Balthazar adds to London’s ever growing list of brasseries and is the creation of Keith McNally (I’ve never heard of him either). With its location right in the heart of Covent Garden and being an almost carbon copy of the already popular original Balthazar in New York it means getting a reservation is not the easiest of tasks. My gentleman companion and I happened to be passing at 5pm and thought we’d try our luck and were offered a table as long as we returned it within an hour and a half – result!
The dining room was huge and looked beautiful. It wasn’t quite as grand as Brasserie Zedel but what it did have was a really loud buzzy atmosphere – the kind that made me want to stay forever. What felt like hundreds of staff scurried between tables in an organised chaos type fashion yet it all seemed to be running smoothly.

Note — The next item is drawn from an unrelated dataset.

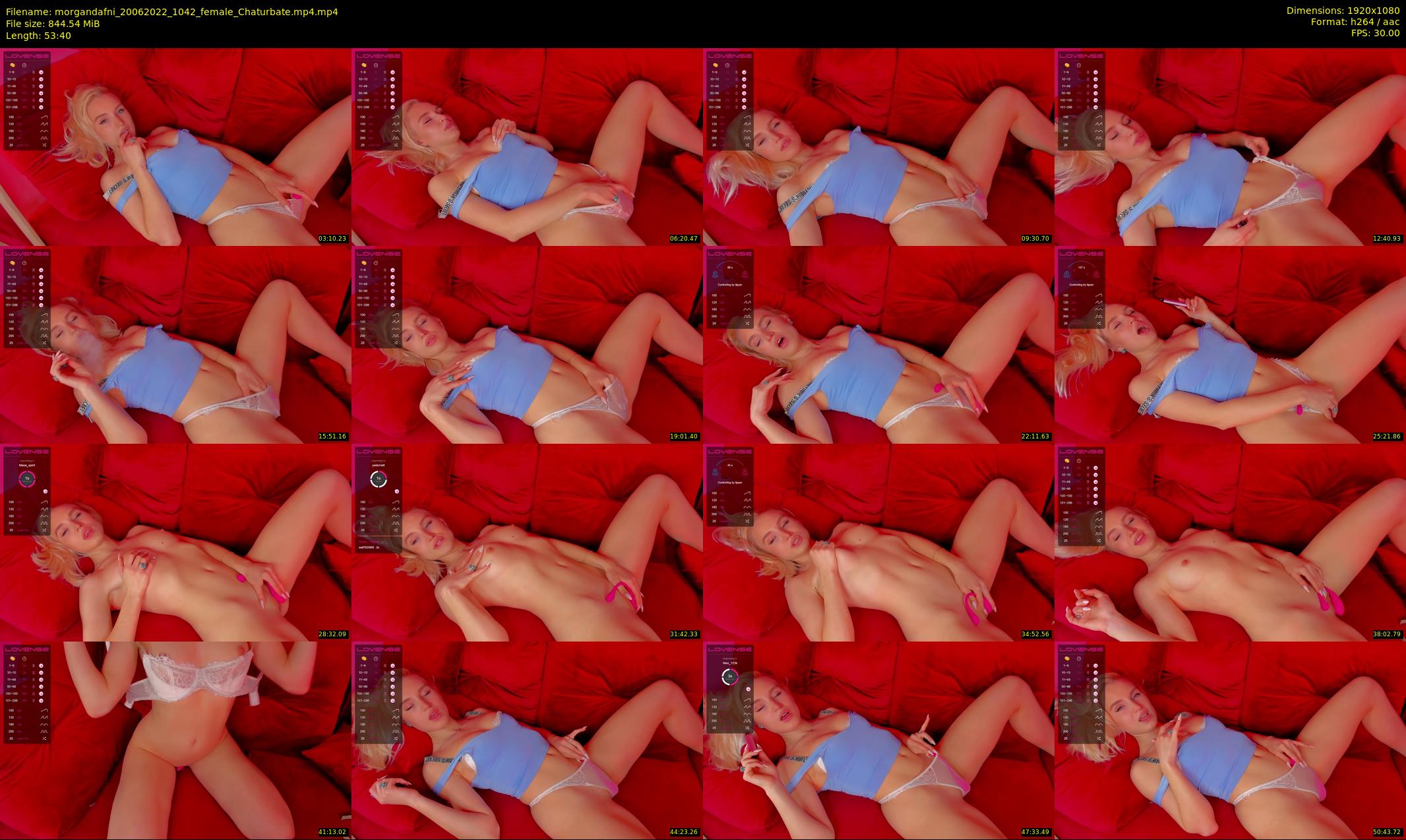 morgandafni — 54 minute Chaturbate couple cam show recording, 1080p, Jun 20, 2022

Now would be a good time to say how friendly everyone was. Staff smiled and comfortably made conversation with us – I felt like I was being served by people I’d met before. This charming quality from every member staff made the experience a really special one.
House bread served with a wedge of unsalted butter kicked things off and was mahoosive. The white baguette was my favourite with it’s delightfully chewy crust and spongy middle.
As we were a little short on time and we were aware the menu could be a little pricey we dived straight in to mains. I opted for the duck confit with roasted potatoes, cippolini onions, wild mushrooms and frisée salad (£16.50). Every single thing about this dish was ruddy delicious. The duck had a crispy skin and succulent juicy meat and the potatoes had a caramelised coating. The mushrooms added texture and the mini onions were the sweetest I’ve ever tasted. It was a rich and hearty delight.
My gentleman companion’s pork belly with sprouting broccoli and black pudding (£15.50) followed suit in terms of big yummy flavours. The belly was soft with a crunchy crackling top and the black pudding added richness. Both dishes were of generous size and really filled us up.
A side of onion rings (£4.50) started off great, the top layer was crunchy and grease free but sadly the ones on the bottom of the dish were covered in oil and had gone soggy and therefore became sickly.
For pudding we decided to share the profiteroles with vanilla ice cream and chocolate sauce (£7) which tasted so good I wish I’d ordered my own! The ice cream was actually inside the profiteroles and was a great substitute for cream. The chocolate sauce was so incredibly good I could drink gallons of the stuff; as it was, an extra jug was provided which I very nearly licked clean. Total indulgent bliss!
We loved our visit to Balthazar. Everything from the food, to the service, to the atmosphere was really spot on. It’s not all cheap but if you order wisely and avoid some of the costlier items on the menu (steak au poivre at £29) then I think it’s really good value. If I can get a table, I can’t wait to go back!